With this in mind, I knew the consequences, cost, and impact of the damage caused any action we took would be dwarfed by the already-existing and still-to-come consequences of the damage and violence occurring in Brazil. During the Fire of London, citizens were recorded to have been forced to destroy the houses of neighbours on their street to prevent the spread of fire, limiting the damage. The concept is centuries old, and is often referred to as acting to prevent a greater harm. We acted to prevent the spread of a fire, both real and ideological, in the public interest of the entire planet’s inhabitants, human and otherwise.
The Brazilian State is indeed not the house between the fire and the population – it is in itself match, lighter, fluid, fuel and igniter. The State is stoking the flames of hate, destruction, violence and genocide – flames we sought to extinguish with our paint. Some may argue Government officials are not to blame. But you would not say that Hitler or his generals were not war criminals just because you could not prove they turned the gas valves themselves in the concentration camps in which my family suffered during the 2nd world war.
“We should never forget that everything Adolf Hitler did in Germany was “legal” and everything the Hungarian freedom fighters did in Hungary was “illegal.” It was “illegal” to aid and comfort a Jew in Hitler’s Germany. Even so, I am sure that, had I lived in Germany at the time, I would have aided and comforted my Jewish brothers.
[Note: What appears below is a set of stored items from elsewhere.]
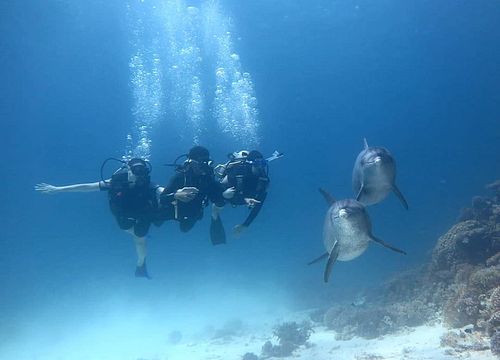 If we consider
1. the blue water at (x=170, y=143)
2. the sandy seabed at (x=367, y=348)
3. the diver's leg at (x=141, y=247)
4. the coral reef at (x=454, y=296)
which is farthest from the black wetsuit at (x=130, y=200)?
the blue water at (x=170, y=143)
If today I lived in a Communist country where certain principles dear to the Christian faith are suppressed, I would openly advocate disobeying that country’s antireligious laws.” – Martin Lurther King – Writing from Birmingham jail in 1963
Back then, in Nazi-occupied territories, war crimes were considered legal. Resistance to Nazism, fascism, racism, violence and genocide was criminalised, and punishable by death. But good people broke those laws and risked everything anyway. It would be absurd to argue that those who resisted or escaped these moral crimes were themselves immoral criminals, simply because their actions were often illegal. Their morality and conscience propelled them to use any means at their disposal even if it was against the law – theft and sabotage of military equipment, hiding Jewish fugitives, assisting their escapes and border crossings. They acted out of conscience and broke laws to protect themselves, their countries, communities, friends, and fellow human beings from a greater evil – Nazism.
As a grandchild of holocaust survivors, I exist because of said resistance to fascism. The majority of my grandfather’s family died in concentration camps as he escaped Czechoslovakia and fled to London. He, and by extension I, won the privilege of survival where others were not so lucky. To stand now by while people are violently exterminated by the same ideologies that murdered my family would not only be an insult to my ancestors, but a moral abdication of my responsibility as a human being. In other words, I could not live with myself knowing I am alive because people stood up for my kind, while they die because no one stood up for theirs.
In this moment I invoke Article 9, our Right to Freedom of Conscience, won by the Conscientious Objectors who refused to go to war in order to kill other human beings. I felt compelled by special circumstances, as an individual, to do all in my power to oppose and prevent the greater crimes of genocide and ecocide. I made a conscious, informed, careful, reasonable act of conscience, but it was also a crime of passion motivated by love, rage, compassion, and grief for the destruction being wrought in Brazil.